The International Monetary Fund (IMF) has reaffirmed its commitment to support Ghana in these challenging times, consistent with the Fund’s policies.

This is coming after the Mission Team to Ghana concluded its discussions with the Ghanaian authorities and other stakeholders on a potential economic programme for the country.

The team said it had constructive discussions on policies aimed at restoring macroeconomic stability and laying the foundation for stronger and more inclusive growth.

Key areas of focus included ensuring public finance sustainability while protecting the vulnerable, bolstering the credibility of monetary and exchange rate policies to reduce inflation and rebuild external buffers, preserving financial sector stability, and steps to encourage private investment and growth.

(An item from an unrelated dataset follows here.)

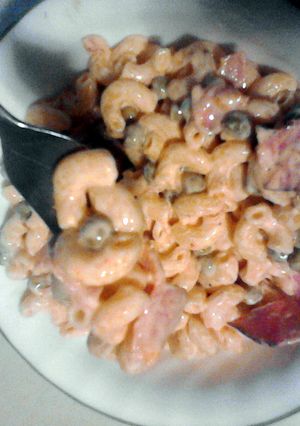 A picture of Madison's Ham n Cheese Surprise.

“We had constructive discussions on policies aimed at restoring macroeconomic stability and laying the foundation for stronger and more inclusive growth. Key areas of focus included ensuring public finance sustainability while protecting the vulnerable, bolstering the credibility of monetary and exchange rate policies to reduce inflation and rebuild external buffers, preserving financial sector stability, and steps to encourage private investment and growth, including by improving governance, transparency, and public sector efficiency”.

The staff team led by Stéphane Roudet visited Ghana from September 26-October 7 to continue discussions on policies that could be supported by an IMF arrangement.

The IMF staff met with President Akufo Addo, Vice President Bawumia, Finance Minister Ken Ofori-Atta, and Governor of the Bank of Ghana Dr. Ernest Addison, and their teams.

The IMF team also met with the Parliament’s Finance Committee, as well as representatives from various government agencies, the Trades Union Congress, the private sector, civil society organisations, and development partners.

IMF mission team to return to Washington, DC

The team said it will return to Washington, D.C. to advance its technical work.

This includes making further progress on assessing Ghana’s debt sustainability, adding “the discussions with the authorities will also continue in the weeks ahead, including during the upcoming Annual Meetings that will be convened at IMF headquarters”.

“We reaffirm our commitment to support Ghana in these challenging times, consistent with the IMF’s policies.

“Staff express their gratitude to the authorities, private sector, civil society, development partners and other stakeholders in Ghana for their constructive engagement and support during this mission.”

Ghana announced its return to the IMF in July 2022, following rising inflation and interest rates and rapid depreciation of the cedi, which the government had no answer to.

The government had ruled out the option of an IMF programme, settling for a homegrown economic recovery plan that included the introduction of a 1.5% tax on electronic financial transactions (E-levy) which sparked widespread protests.

The IMF support is to strengthen the country’s balance of payment which has come under threat because of the economic imbalances.